Before leaving the country for Prince George’s County at the age of 9, Williams promised his mother he would help his home country if he ever became successful, said civil and environmental engineering professor David Lovell. And so successful he became.
Williams earned a family science degree from the public health school in 2003, Levin said, moved from the Terps football team to a successful NFL career and founded the Abigail D. Butscher Primary School in Calaba Town in 2009. He launched his first international project under the Madieu Williams Foundation, his 3-year-old organization focusing on youth, health and education.
He realized there was no sufficient water supply and missing lighting in the Calaba Town elementary school and offered the engineering school a joint venture, Lovell said. That was when the student group Maryland Sustainable Engineering came into play. Last fall, about 40 members started a project to bring solar power to the school, said Matt Smith, a senior chemical engineering major who became the project leader in January.
“It was the first international project for the student group,” Lovell said. “In our first meeting with Madieu Williams, we decided to work on a solar lighting system because it is generally easy to realize and he wanted to do it right away.”
The students spent five to 10 hours per week on the extracurricular project, Smith said. In June, an assessment team consisting of three students and three professional mentors traveled to Sierra Leone to gather data and in-depth impressions on-sight. The design team then took the information and designed final solutions.
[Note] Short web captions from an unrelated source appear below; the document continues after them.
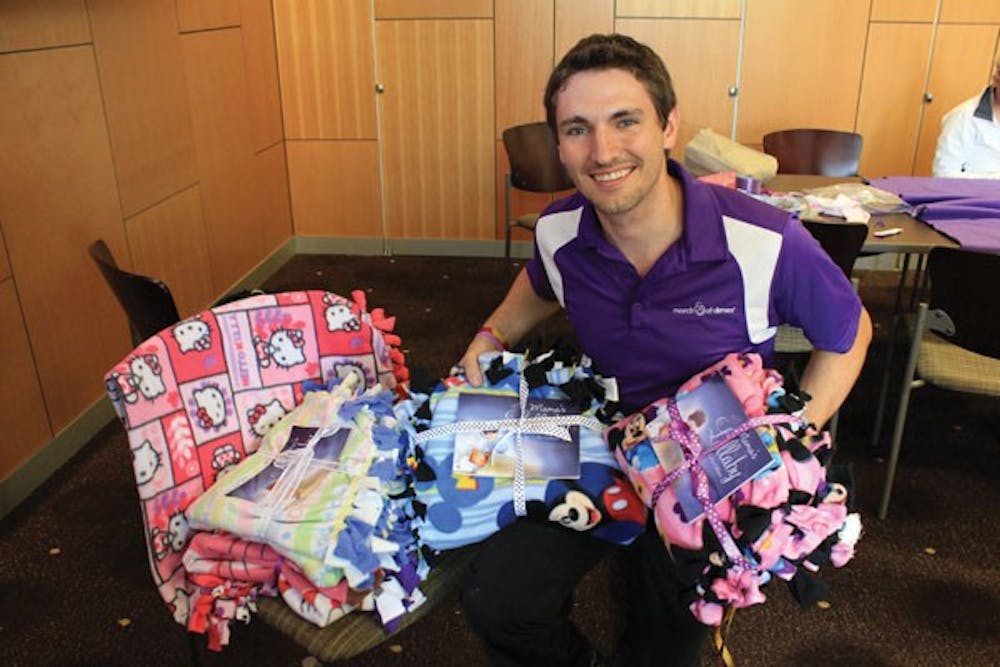 Film junior Jared Doles shows off the blankets ASU March of Dimes club made for sick babies and their families. This project was funded by the Miley Cyrus and Youth Service America "Get Ur Good On" grant. (Photo courtesy of  Jared Doles)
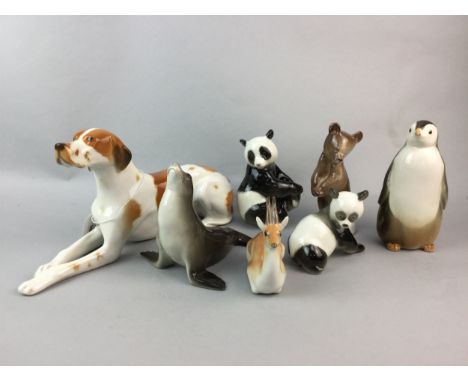 RUSSIAN CERAMIC MODEL OF A DOG, 29cm long, along with six other Russian ceramic animals (7)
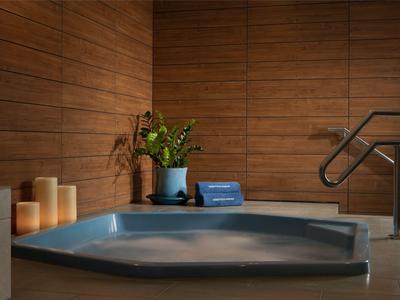 Ein ruhiger Whirlpool mit blauem Wasser, Holzwände und Kerzen für eine entspannende Atmosphäre.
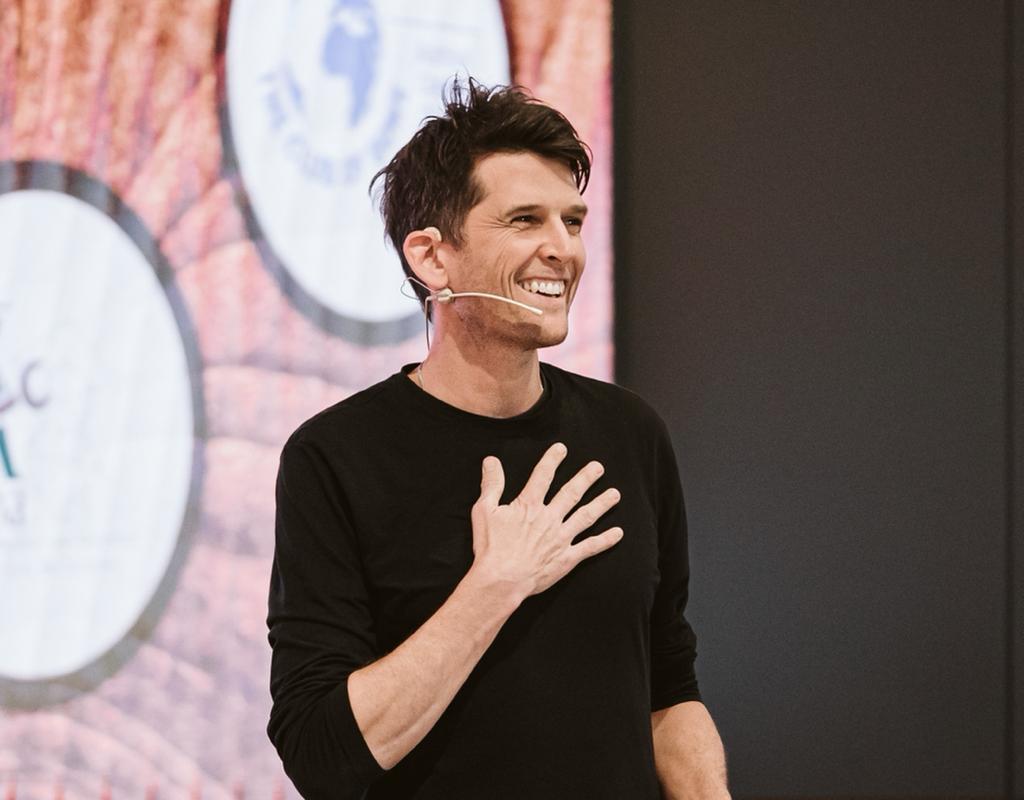 Harald Friedl speaking on stage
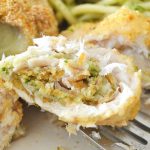 A forkful of filet of flounder rollatini.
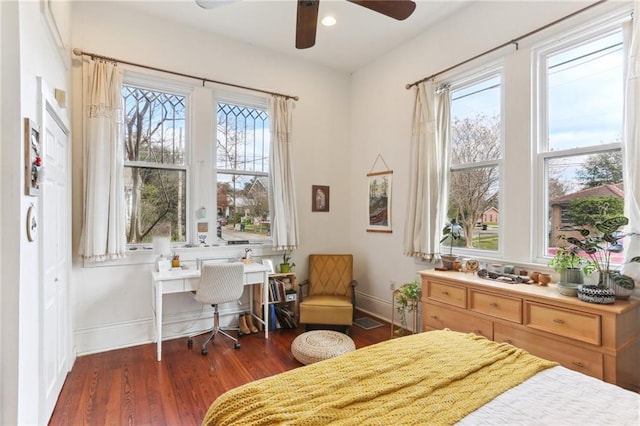 bedroom with dark hardwood / wood-style floors and ceiling fan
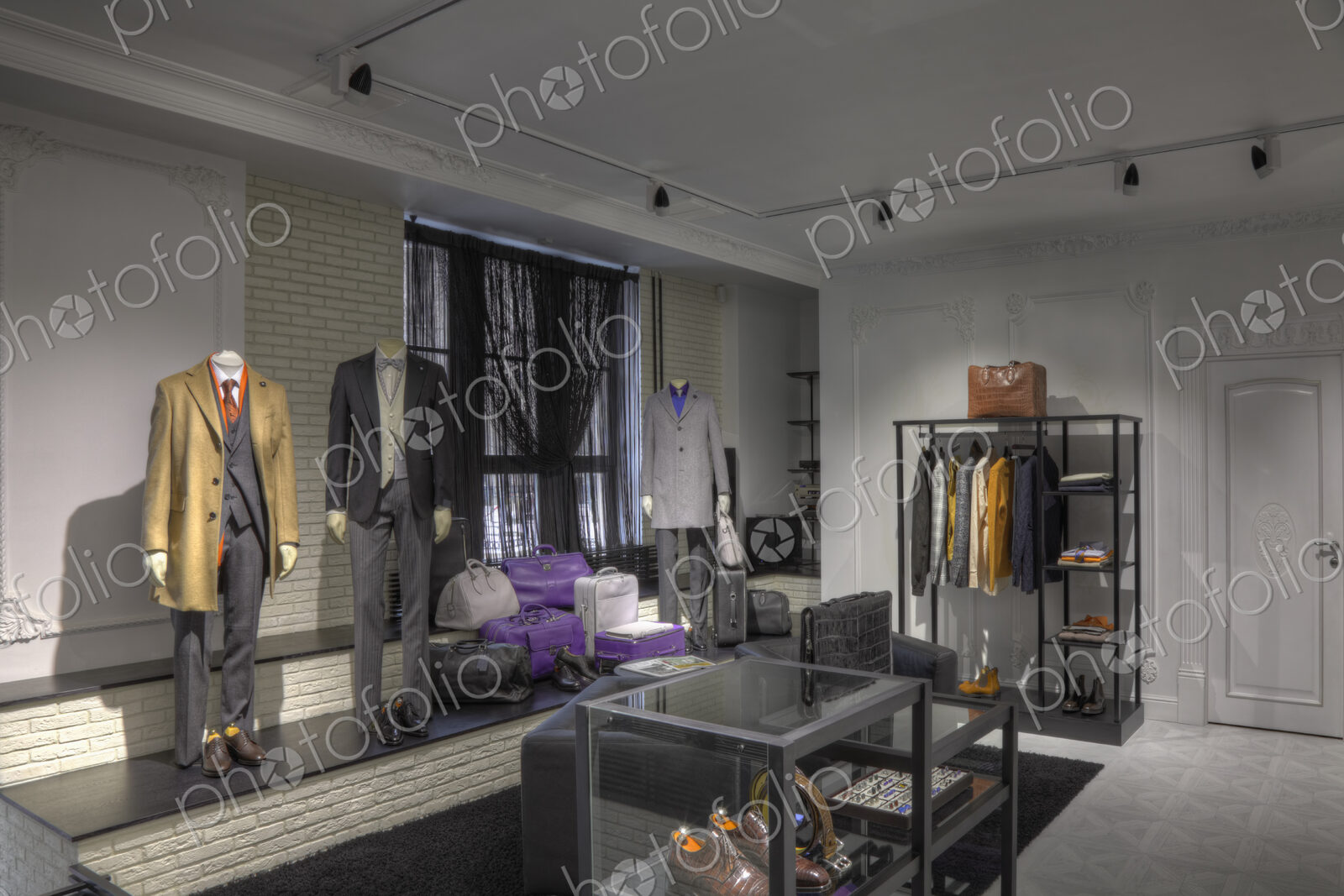 Suits and shoes in clothing store for men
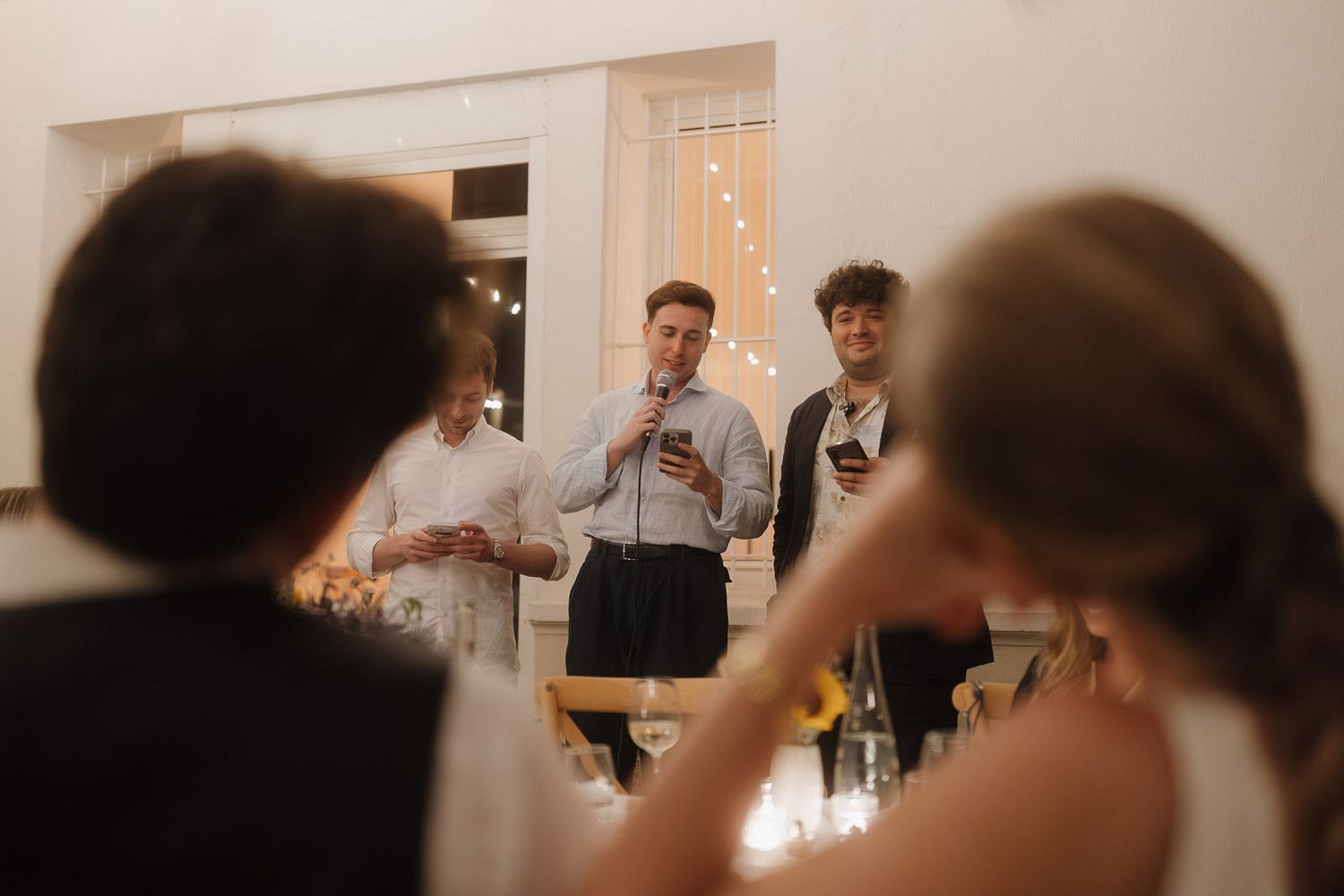 A series of blurred motion shots showing people moving and interacting in a white interior space.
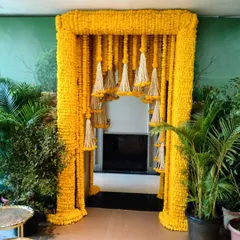 This magnificent entrance arch is made entirely of yellow marigolds, with hanging tassels of white tuberoses (rajnigandha) creating a dramatic and traditional welcome for a wedding event.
“We did a lot of experiments to test the ideas we collected in our weekly meetings,” Smith said.
About one month later, six students and two mentors boarded a plane back to the country and installed the 1.5 kilowatt solar array that in the future will provide lighting to the school’s four classrooms, the principal’s office and the bathrooms. In addition, they installed wall outlets so staff can use computers.
“Being able to design something in the U.S. and install it overseas was great,” Smith said.
To provide storage for the system, the team included an 800 amp-hour battery array that can last several days without any power input from the panels.
To be as sustainable as possible, the team purchased most of the required materials in Sierra Leone. Apart from a few donated components, the project’s $57,000 cost was split equally between the engineering school and the Williams Foundation, Smith said.
“We all are thrilled with the results,” Lovell said.
After the project’s successful completion, Williams addressed the university in a letter, thanking participants for their support.
“Our partnership with the University of Maryland Engineers has been a huge success, better than I could have imagined,” he wrote. “The solar program project was a long time coming and it has truly been a pleasure working with such skilled professionals that share my visions of sustainability for Sierra Leone.”
The foundation already has plans for a secondary school in Sierra Leone that should break ground early next year.
“We are brainstorming many different ways UMD can incorporate the needs of the community and their expertise in Calaba Town,” Levin said. “The sky is the limit.”